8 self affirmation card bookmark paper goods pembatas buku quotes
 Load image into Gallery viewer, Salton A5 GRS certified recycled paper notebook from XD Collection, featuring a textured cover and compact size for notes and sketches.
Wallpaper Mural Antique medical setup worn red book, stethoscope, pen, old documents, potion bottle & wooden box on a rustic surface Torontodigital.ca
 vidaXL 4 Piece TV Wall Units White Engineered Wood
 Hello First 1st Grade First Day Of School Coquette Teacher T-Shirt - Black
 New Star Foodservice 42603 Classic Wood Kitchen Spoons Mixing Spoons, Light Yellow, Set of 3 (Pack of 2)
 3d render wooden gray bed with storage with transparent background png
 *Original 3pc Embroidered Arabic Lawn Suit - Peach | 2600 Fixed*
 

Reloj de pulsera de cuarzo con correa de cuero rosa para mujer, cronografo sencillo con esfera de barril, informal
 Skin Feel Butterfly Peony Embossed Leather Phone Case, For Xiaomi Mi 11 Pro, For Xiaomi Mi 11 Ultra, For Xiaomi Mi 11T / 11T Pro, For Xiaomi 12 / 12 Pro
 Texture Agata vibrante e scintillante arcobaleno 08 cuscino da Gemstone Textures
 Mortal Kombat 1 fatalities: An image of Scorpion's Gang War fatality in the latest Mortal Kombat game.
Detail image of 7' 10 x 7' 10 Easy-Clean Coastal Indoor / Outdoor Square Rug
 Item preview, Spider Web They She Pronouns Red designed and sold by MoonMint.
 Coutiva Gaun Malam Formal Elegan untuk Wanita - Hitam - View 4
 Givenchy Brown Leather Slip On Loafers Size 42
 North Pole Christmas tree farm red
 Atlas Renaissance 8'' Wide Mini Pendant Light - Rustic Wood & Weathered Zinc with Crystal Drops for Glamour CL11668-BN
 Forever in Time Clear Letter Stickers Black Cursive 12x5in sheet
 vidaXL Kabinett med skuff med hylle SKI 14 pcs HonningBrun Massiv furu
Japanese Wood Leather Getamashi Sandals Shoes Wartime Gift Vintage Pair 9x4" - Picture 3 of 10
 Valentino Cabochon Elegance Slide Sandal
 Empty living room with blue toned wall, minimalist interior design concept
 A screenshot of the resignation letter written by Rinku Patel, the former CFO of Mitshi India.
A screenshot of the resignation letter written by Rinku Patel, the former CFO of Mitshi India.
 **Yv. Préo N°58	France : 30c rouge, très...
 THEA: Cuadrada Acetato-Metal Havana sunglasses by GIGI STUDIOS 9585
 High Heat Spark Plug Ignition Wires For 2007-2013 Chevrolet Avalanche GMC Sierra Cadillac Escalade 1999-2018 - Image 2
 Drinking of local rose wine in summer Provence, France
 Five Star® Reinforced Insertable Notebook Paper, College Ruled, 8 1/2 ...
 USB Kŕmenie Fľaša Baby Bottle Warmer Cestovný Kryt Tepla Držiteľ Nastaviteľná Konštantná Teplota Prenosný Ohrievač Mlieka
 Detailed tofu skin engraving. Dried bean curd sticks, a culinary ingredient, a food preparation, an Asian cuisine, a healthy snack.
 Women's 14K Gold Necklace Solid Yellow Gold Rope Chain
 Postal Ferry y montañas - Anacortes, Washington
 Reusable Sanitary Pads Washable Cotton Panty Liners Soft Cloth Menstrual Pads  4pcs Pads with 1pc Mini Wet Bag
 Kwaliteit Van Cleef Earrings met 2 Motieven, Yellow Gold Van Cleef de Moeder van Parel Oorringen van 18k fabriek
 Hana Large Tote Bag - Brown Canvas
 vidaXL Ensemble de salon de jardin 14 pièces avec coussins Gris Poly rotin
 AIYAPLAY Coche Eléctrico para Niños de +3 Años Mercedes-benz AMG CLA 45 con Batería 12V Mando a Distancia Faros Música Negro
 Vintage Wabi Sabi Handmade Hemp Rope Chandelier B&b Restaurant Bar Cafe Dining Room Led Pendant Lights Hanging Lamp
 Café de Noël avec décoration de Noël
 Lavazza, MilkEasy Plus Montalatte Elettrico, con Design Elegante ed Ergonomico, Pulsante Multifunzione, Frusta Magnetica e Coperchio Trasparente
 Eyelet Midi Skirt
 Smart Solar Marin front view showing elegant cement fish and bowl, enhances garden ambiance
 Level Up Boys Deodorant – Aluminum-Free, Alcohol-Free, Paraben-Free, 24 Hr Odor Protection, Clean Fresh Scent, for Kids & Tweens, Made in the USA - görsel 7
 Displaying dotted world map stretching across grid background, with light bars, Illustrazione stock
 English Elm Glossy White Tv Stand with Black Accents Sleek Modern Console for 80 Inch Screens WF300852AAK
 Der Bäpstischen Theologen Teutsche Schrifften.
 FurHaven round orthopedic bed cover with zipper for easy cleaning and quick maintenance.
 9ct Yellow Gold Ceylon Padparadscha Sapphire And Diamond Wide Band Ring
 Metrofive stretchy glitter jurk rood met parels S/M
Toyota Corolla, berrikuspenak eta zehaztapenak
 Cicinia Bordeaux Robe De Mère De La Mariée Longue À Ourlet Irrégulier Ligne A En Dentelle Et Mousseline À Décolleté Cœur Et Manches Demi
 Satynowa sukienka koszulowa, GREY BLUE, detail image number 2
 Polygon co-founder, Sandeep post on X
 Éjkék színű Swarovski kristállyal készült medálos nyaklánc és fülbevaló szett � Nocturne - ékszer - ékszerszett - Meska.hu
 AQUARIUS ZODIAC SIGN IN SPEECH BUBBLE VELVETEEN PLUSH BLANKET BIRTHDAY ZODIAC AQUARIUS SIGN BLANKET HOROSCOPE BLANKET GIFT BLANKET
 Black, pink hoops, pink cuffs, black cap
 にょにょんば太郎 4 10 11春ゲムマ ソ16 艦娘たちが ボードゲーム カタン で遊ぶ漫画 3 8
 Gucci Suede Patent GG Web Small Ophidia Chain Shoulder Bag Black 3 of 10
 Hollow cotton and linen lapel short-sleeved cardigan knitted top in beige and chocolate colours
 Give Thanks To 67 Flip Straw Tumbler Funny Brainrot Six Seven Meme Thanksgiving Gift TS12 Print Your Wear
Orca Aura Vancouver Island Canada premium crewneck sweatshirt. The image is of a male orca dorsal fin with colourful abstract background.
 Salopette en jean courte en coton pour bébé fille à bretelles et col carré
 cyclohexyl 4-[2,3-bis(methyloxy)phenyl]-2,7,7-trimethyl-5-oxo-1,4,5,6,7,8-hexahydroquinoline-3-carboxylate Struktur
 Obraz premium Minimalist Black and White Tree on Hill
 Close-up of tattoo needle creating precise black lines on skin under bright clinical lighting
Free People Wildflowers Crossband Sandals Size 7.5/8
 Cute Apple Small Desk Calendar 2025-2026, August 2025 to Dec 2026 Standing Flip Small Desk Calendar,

•••••

Return the full listing unchanged.

Answer to this exercise:
8 self affirmation card bookmark paper goods pembatas buku quotes
 Load image into Gallery viewer, Salton A5 GRS certified recycled paper notebook from XD Collection, featuring a textured cover and compact size for notes and sketches.
Wallpaper Mural Antique medical setup worn red book, stethoscope, pen, old documents, potion bottle & wooden box on a rustic surface Torontodigital.ca
 vidaXL 4 Piece TV Wall Units White Engineered Wood
 Hello First 1st Grade First Day Of School Coquette Teacher T-Shirt - Black
 New Star Foodservice 42603 Classic Wood Kitchen Spoons Mixing Spoons, Light Yellow, Set of 3 (Pack of 2)
 3d render wooden gray bed with storage with transparent background png
 *Original 3pc Embroidered Arabic Lawn Suit - Peach | 2600 Fixed*
 

Reloj de pulsera de cuarzo con correa de cuero rosa para mujer, cronografo sencillo con esfera de barril, informal
 Skin Feel Butterfly Peony Embossed Leather Phone Case, For Xiaomi Mi 11 Pro, For Xiaomi Mi 11 Ultra, For Xiaomi Mi 11T / 11T Pro, For Xiaomi 12 / 12 Pro
 Texture Agata vibrante e scintillante arcobaleno 08 cuscino da Gemstone Textures
 Mortal Kombat 1 fatalities: An image of Scorpion's Gang War fatality in the latest Mortal Kombat game.
Detail image of 7' 10 x 7' 10 Easy-Clean Coastal Indoor / Outdoor Square Rug
 Item preview, Spider Web They She Pronouns Red designed and sold by MoonMint.
 Coutiva Gaun Malam Formal Elegan untuk Wanita - Hitam - View 4
 Givenchy Brown Leather Slip On Loafers Size 42
 North Pole Christmas tree farm red
 Atlas Renaissance 8'' Wide Mini Pendant Light - Rustic Wood & Weathered Zinc with Crystal Drops for Glamour CL11668-BN
 Forever in Time Clear Letter Stickers Black Cursive 12x5in sheet
 vidaXL Kabinett med skuff med hylle SKI 14 pcs HonningBrun Massiv furu
Japanese Wood Leather Getamashi Sandals Shoes Wartime Gift Vintage Pair 9x4" - Picture 3 of 10
 Valentino Cabochon Elegance Slide Sandal
 Empty living room with blue toned wall, minimalist interior design concept
 A screenshot of the resignation letter written by Rinku Patel, the former CFO of Mitshi India.
A screenshot of the resignation letter written by Rinku Patel, the former CFO of Mitshi India.
 **Yv. Préo N°58	France : 30c rouge, très...
 THEA: Cuadrada Acetato-Metal Havana sunglasses by GIGI STUDIOS 9585
 High Heat Spark Plug Ignition Wires For 2007-2013 Chevrolet Avalanche GMC Sierra Cadillac Escalade 1999-2018 - Image 2
 Drinking of local rose wine in summer Provence, France
 Five Star® Reinforced Insertable Notebook Paper, College Ruled, 8 1/2 ...
 USB Kŕmenie Fľaša Baby Bottle Warmer Cestovný Kryt Tepla Držiteľ Nastaviteľná Konštantná Teplota Prenosný Ohrievač Mlieka
 Detailed tofu skin engraving. Dried bean curd sticks, a culinary ingredient, a food preparation, an Asian cuisine, a healthy snack.
 Women's 14K Gold Necklace Solid Yellow Gold Rope Chain
 Postal Ferry y montañas - Anacortes, Washington
 Reusable Sanitary Pads Washable Cotton Panty Liners Soft Cloth Menstrual Pads  4pcs Pads with 1pc Mini Wet Bag
 Kwaliteit Van Cleef Earrings met 2 Motieven, Yellow Gold Van Cleef de Moeder van Parel Oorringen van 18k fabriek
 Hana Large Tote Bag - Brown Canvas
 vidaXL Ensemble de salon de jardin 14 pièces avec coussins Gris Poly rotin
 AIYAPLAY Coche Eléctrico para Niños de +3 Años Mercedes-benz AMG CLA 45 con Batería 12V Mando a Distancia Faros Música Negro
 Vintage Wabi Sabi Handmade Hemp Rope Chandelier B&b Restaurant Bar Cafe Dining Room Led Pendant Lights Hanging Lamp
 Café de Noël avec décoration de Noël
 Lavazza, MilkEasy Plus Montalatte Elettrico, con Design Elegante ed Ergonomico, Pulsante Multifunzione, Frusta Magnetica e Coperchio Trasparente
 Eyelet Midi Skirt
 Smart Solar Marin front view showing elegant cement fish and bowl, enhances garden ambiance
 Level Up Boys Deodorant – Aluminum-Free, Alcohol-Free, Paraben-Free, 24 Hr Odor Protection, Clean Fresh Scent, for Kids & Tweens, Made in the USA - görsel 7
 Displaying dotted world map stretching across grid background, with light bars, Illustrazione stock
 English Elm Glossy White Tv Stand with Black Accents Sleek Modern Console for 80 Inch Screens WF300852AAK
 Der Bäpstischen Theologen Teutsche Schrifften.
 FurHaven round orthopedic bed cover with zipper for easy cleaning and quick maintenance.
 9ct Yellow Gold Ceylon Padparadscha Sapphire And Diamond Wide Band Ring
 Metrofive stretchy glitter jurk rood met parels S/M
Toyota Corolla, berrikuspenak eta zehaztapenak
 Cicinia Bordeaux Robe De Mère De La Mariée Longue À Ourlet Irrégulier Ligne A En Dentelle Et Mousseline À Décolleté Cœur Et Manches Demi
 Satynowa sukienka koszulowa, GREY BLUE, detail image number 2
 Polygon co-founder, Sandeep post on X
 Éjkék színű Swarovski kristállyal készült medálos nyaklánc és fülbevaló szett � Nocturne - ékszer - ékszerszett - Meska.hu
 AQUARIUS ZODIAC SIGN IN SPEECH BUBBLE VELVETEEN PLUSH BLANKET BIRTHDAY ZODIAC AQUARIUS SIGN BLANKET HOROSCOPE BLANKET GIFT BLANKET
 Black, pink hoops, pink cuffs, black cap
 にょにょんば太郎 4 10 11春ゲムマ ソ16 艦娘たちが ボードゲーム カタン で遊ぶ漫画 3 8
 Gucci Suede Patent GG Web Small Ophidia Chain Shoulder Bag Black 3 of 10
 Hollow cotton and linen lapel short-sleeved cardigan knitted top in beige and chocolate colours
 Give Thanks To 67 Flip Straw Tumbler Funny Brainrot Six Seven Meme Thanksgiving Gift TS12 Print Your Wear
Orca Aura Vancouver Island Canada premium crewneck sweatshirt. The image is of a male orca dorsal fin with colourful abstract background.
 Salopette en jean courte en coton pour bébé fille à bretelles et col carré
 cyclohexyl 4-[2,3-bis(methyloxy)phenyl]-2,7,7-trimethyl-5-oxo-1,4,5,6,7,8-hexahydroquinoline-3-carboxylate Struktur
 Obraz premium Minimalist Black and White Tree on Hill
 Close-up of tattoo needle creating precise black lines on skin under bright clinical lighting
Free People Wildflowers Crossband Sandals Size 7.5/8
 Cute Apple Small Desk Calendar 2025-2026, August 2025 to Dec 2026 Standing Flip Small Desk Calendar,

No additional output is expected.